Мы плыли меж тем к передвижникам. Я их терпеть не мог. Мое воображение, раз пущенное в ход — распущенное (признаюсь под страхом гадкого каламбура), — теперь нипочем не хотело угомониться и бойко рисовало мне возможные следствия этого моего нового знакомства. В Москве отец всегда любил литературные «круги». Я был вхож в пару именитых домов — и мог теперь это ввернуть (когда получу право слова), болтая с Тониной мамой. Я мог быть затем приглашен и к ним. Я прежде слыхал, что у них был приятелем некто Ч***, тоже детский писатель с недетским, однако, свободомыслием, коее он маскировал, кажется, под похождения шахматных фигур, попадавших в забавные ситуации, — и вот с него-то, пожалуй, мне и следовало начать.
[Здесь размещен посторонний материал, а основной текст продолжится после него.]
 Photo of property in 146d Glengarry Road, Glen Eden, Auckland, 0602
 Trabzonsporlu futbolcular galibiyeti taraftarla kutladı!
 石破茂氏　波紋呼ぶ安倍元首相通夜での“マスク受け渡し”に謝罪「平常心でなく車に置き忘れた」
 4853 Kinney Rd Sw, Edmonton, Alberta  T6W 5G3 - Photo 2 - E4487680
Что-то ведь я когда-то читал — и его, и ее. Лесть — лучший проводник, это известно всем. Я был бы зван, стал выявляться, так сказать, в среду к обеду или, возможно, на субботний вечер, потолковать у камелька, меж тем как мы с Тоней под вывеской старой дружбы, пожалуй, могли бы…

— О! — воскликнула вдруг ее мать, оборвав себя. — Вам это вряд ли будет интересно; но я непременно, непременно должна посмотреть… — Она растянула все три «е» по два раза, и раньше, чем я понял, в чем дело, словно по волшебству улизнула в боковой зал: коллекция фарфора, русский фаянс. Там минут на десять она, должно быть, сама превратилась в какой-нибудь чайник — просто так, для удобства, ведь ей пришлось же там как-то молчать! Она исчезла, мы остались вдвоем.
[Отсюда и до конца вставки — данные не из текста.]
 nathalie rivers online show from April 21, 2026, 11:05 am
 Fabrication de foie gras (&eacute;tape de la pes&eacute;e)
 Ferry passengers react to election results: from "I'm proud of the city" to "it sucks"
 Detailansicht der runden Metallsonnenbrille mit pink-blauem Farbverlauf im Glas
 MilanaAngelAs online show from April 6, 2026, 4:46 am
Посетителей кругом не было. Вообще никого не было. Старушка в углу дремала на стуле, нё перетянутом ленточкой: мирный музейный страж. Блики от окон пересекали паркет. Мне показалось, шесть лет исчезли — если не целый век. Шесть лет большой срок в этом возрасте (цитирую: Алданов). Но мы стояли друг против друга — так же, как и тогда, на бурке или, может быть, возле лодки на берегу. В любом случае, игра памяти была не в мою пользу: у меня сох рот.
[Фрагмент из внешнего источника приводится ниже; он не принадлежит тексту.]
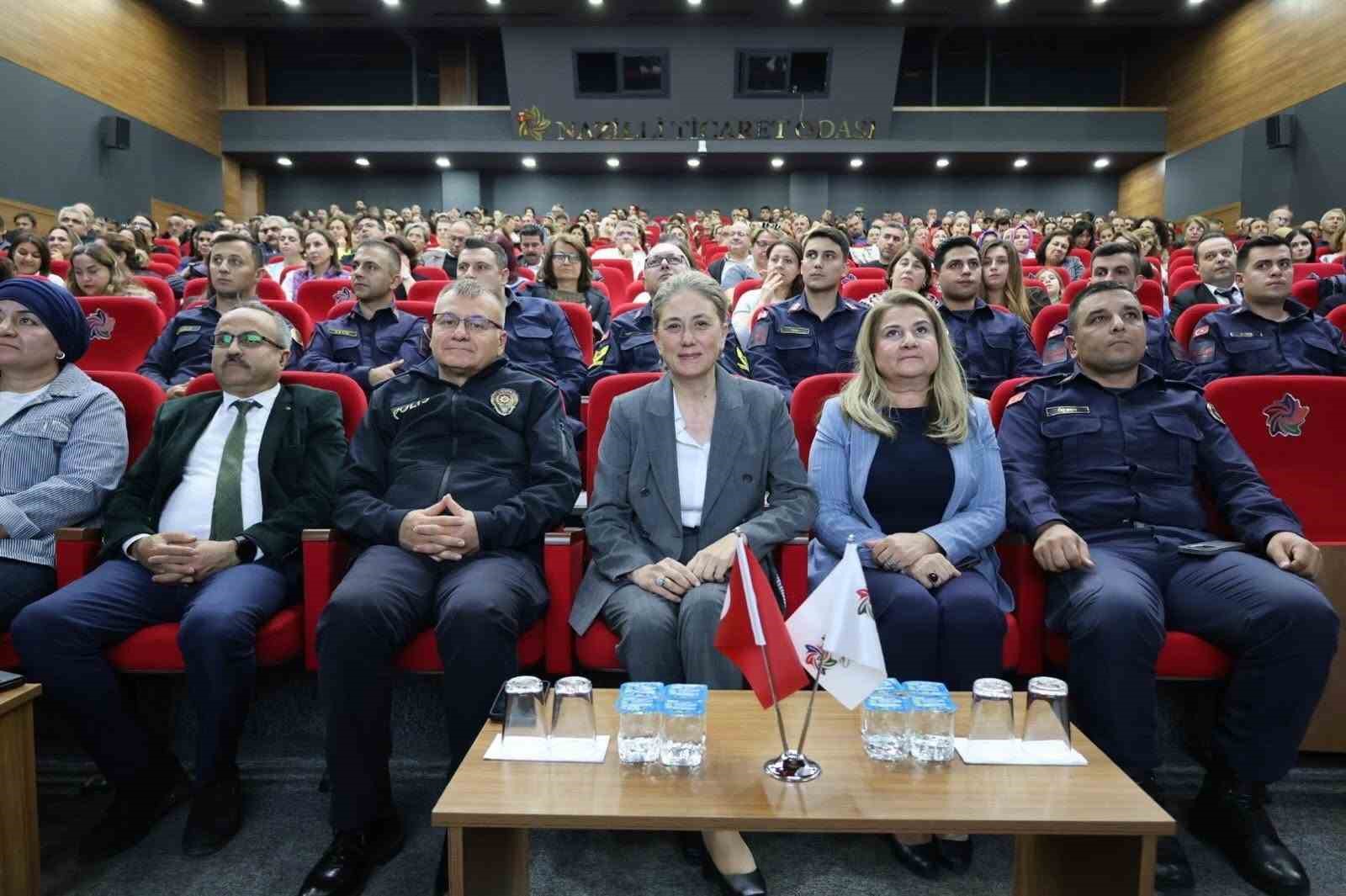 Nazilli’de öğretmenlere okul güvenliği eğitimi verildi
— Чем ты занята? — спросил я (может быть, следовало говорить «вы»?). Я ожидал услышать что-нибудь о тех курсах, рисунках, училище…

— Я назначаю свидания, — сказала Тоня беспечно, глядя на меня так, как я сам глядел на нее, но словно с насмешкой. Я оторопел.

— Свидания?..

— Да.

— Какие? И с кем?! — пролепетал — не то вскрикнул — я.

— Разные. С разными, — был ответ. Тоня смотрела на меня, уже явно смеясь.

— Ты шутишь, — сказал я ровно: я все же быстро овладел собой (и даже сейчас этим горд).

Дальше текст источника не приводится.